How to Train Your AI PA: A Novel Approach to Timeline Evaluation and Inference


We address the issue of timeline evaluation and inference on timeline models. We develop an exciting new framework for evaluation, and argue for its theoretical soundness. We also improve upon the state-of-the-art in terms of model inference. We make the first attempts in the literature to apply variational inference methods to the timeline generation problem. In doing so we obtain results that are competitive in terms of the timelines generated with speed-ups of an order of magnitude.


We live in a time where information is more readily available in greater quantities than ever before. The question is how do me make the best use of it? One recent method for summarising massive amounts of data and presenting it in an accessible way is timeline generation.

Timeline generation (TLG) is a way of representing a large amount of temporally dependent information concisely. It is query driven; we retrieve a corpus of text linked to some entity, event or other term. We then select a number of the constituent sentences, timestamp them and return them as output (Fig 1). The canonical TLG model makes this selection by fitting a topic model over the corpus. This is used to cluster these articles into stories. The most relevant of these stories are selected and summarised through some flavour of sentence-selection. It can be seen as a generalisation of the multi-document summarisation task, where we have introduced temporal dependency and structure.

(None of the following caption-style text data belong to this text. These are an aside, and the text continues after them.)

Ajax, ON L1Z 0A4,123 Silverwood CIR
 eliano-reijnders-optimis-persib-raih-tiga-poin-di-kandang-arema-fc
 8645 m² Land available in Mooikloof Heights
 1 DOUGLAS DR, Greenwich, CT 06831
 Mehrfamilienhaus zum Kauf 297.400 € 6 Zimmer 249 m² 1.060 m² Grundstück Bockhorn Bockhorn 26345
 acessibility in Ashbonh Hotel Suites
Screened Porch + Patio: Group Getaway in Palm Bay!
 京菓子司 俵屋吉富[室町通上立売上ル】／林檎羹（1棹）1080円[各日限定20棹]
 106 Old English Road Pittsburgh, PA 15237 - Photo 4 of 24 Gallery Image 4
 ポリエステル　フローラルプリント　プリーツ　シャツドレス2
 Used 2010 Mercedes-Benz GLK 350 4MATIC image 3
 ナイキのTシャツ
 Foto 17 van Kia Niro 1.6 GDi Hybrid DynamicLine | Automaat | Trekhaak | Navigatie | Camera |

In this paper, we first outline the canonical timeline generation model. We look at several domains where it has been applied, as well as its statistical foundation. Through surveying the current body of work for this model, we define two fundamental issues with current implementations: namely the process by which timelines are evaluated and how inference is performed. Our paper offers novel and rigorous solutions to both of these issues. We provide an innovative and scientifically-rigourous framework for evaluating the quality of a timeline. We also develop a novel method for performing inference on the timeline models. We use the former to evaluate the latter, and present our full methodological design and results. Finally we include two appendices., The first outlines the development and evaluation of our baseline model, which is an intergral part of the entire evaluative process but nevertheless distinct from the rest of the paper. The second covers the ROUGE metric in more detail.

Example of Timeline for the Entity 'Obama'


Timeline generation has been applied in a range of domains.

Single-document variations of the TLG model have been applied to Wikipedia and Wikinews articles (Bauer 2015, Minard 2015). The single-document nature of the task is characterised by a focus on the summarisation and selection tasks over clustering. Timelines took the form of timestamped subsets of the document sentences. A similar approach has been applied to Twitter feeds; Hong et al. applied a single-document version of the TLG model to a user's tweet-history (Hong 2011).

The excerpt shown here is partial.